The other day I got to wondering if I could make panoramic images by using my 90 mm Super Angulon f8 on my 8x10 and getting a 4” x 9” picture. The image circle is listed at 216 mm ( I hoped to squeak out a smidge more) and it was one of those things that sounded like a good idea at the time.

About everything went wrong that could.

I made a ½ dark slide so I could make two images on 8x10 but then found when I put that lens on an 8x10 camera, the bellows were completely compressed, so I had no rise. I would have to waste a full sheet of film.

I planed on creating a gradient mask in Photoshop and printing it on transparent material with an ink jet printer to use instead of a center filter when contact printing.

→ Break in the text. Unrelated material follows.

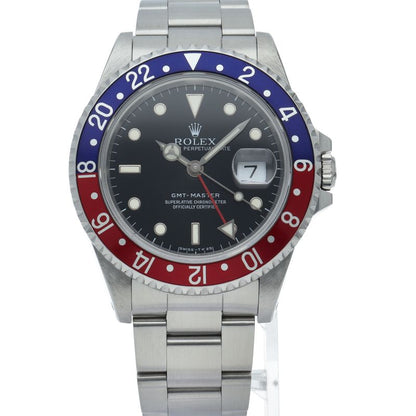Rolex GMT Master 1 Tritium Single Buckle SS Watch Black Polished — view 2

I then found out that transparent sheets for ink jet printers sell for almost as much as film and are 50 to a box!

Then I put a fairly thick name brand screw on red filter on the front of the lens and made the mistake of allowing the sun’s disk filtered through heavy overcast to be in the edge of scene.

When I processed the negative I had a circular band of flair about ¾” wide from about the 1:00 to the 4:00 position toward the edge of the negative on the opposite side of the sun’s disk.

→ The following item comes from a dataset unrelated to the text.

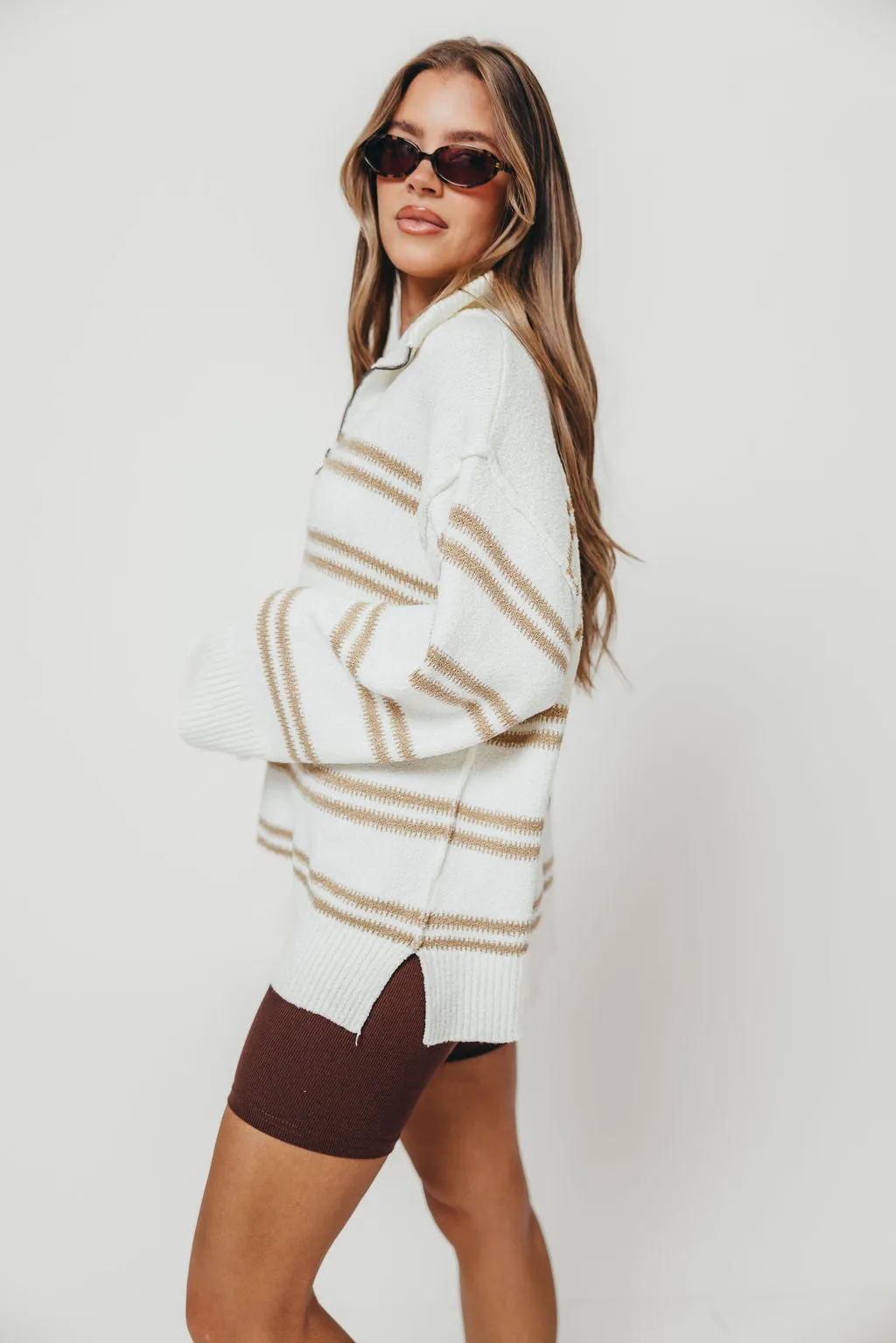 Jo Striped Knit Quarter-Zip Sweater in Cream sold by Worth Collective product image thumbnail 2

It started close enough to the center of the negative that it would have been on a 4x5. I have used this lens many times and never had the problem before.

I decided that this must have been caused by the front and rear surface of the filter?

I then thought that had I anticipated this, I should have put the filter on the back of the lens.

Now, Bob Solomon says in the prior post, never put the filter on the back of the lens. Could this be the one exception, or do I have my problem misdiagnosed completely?